Top of Records for this exercise

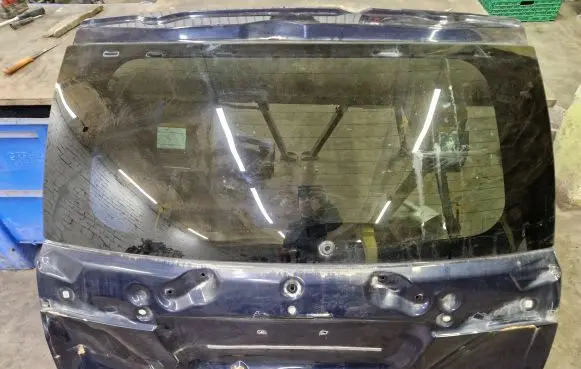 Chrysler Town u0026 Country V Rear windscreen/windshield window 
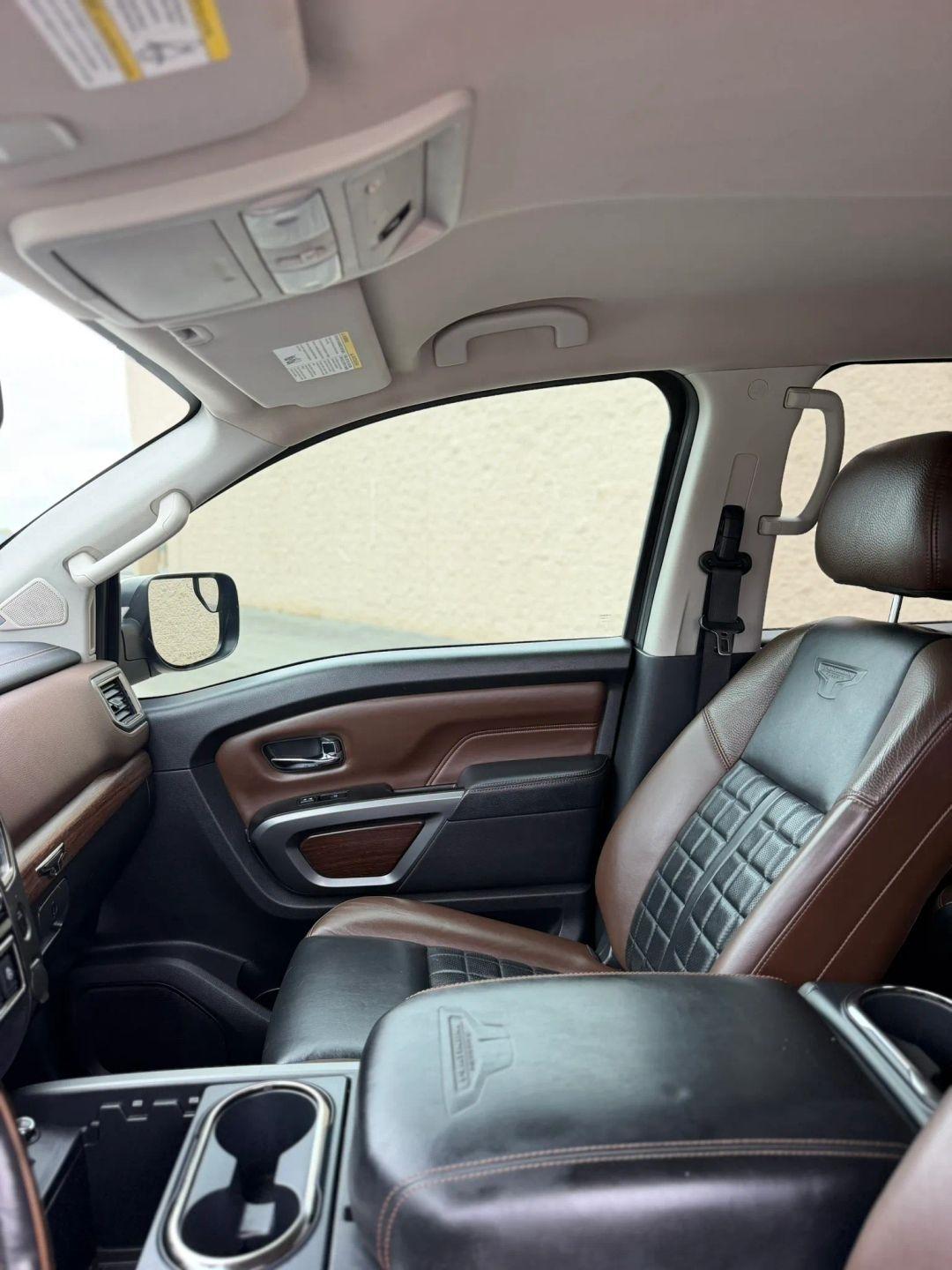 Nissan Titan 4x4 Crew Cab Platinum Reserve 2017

Bottom of Records for this exercise
Top of Records for this exercise

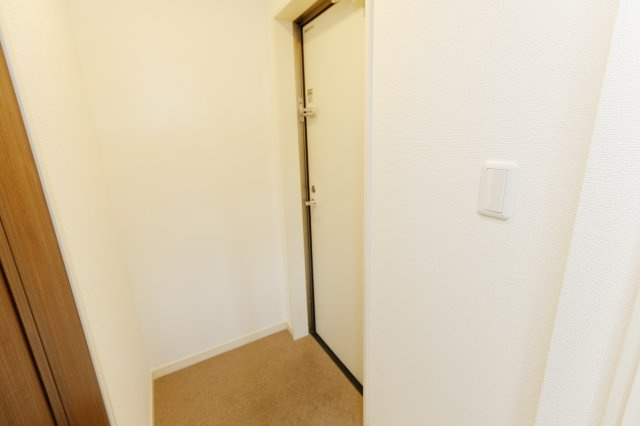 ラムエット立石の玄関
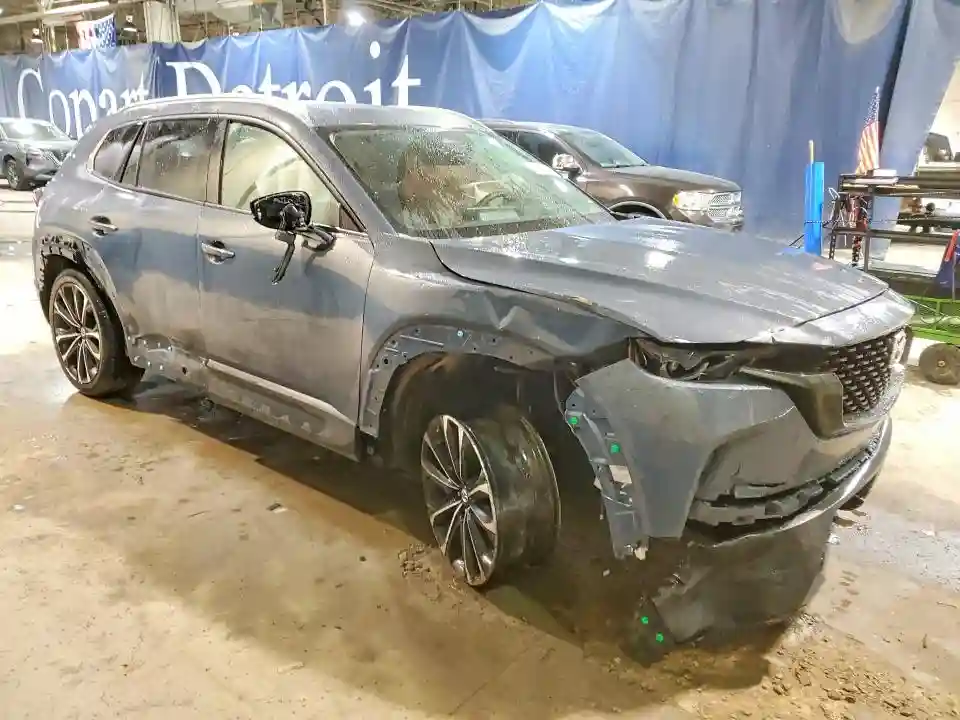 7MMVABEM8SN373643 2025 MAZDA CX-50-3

Bottom of Records for this exercise

_What the task requires_.
Among the entries above, locate the line with "Chrysler Town u0026" and the line with "Nissan Titan 4x4". Give those two lines and all lines between them again, exactly, leaving out the pictures.

_Response to this task_.
 Chrysler Town u0026 Country V Rear windscreen/windshield window 
 Nissan Titan 4x4 Crew Cab Platinum Reserve 2017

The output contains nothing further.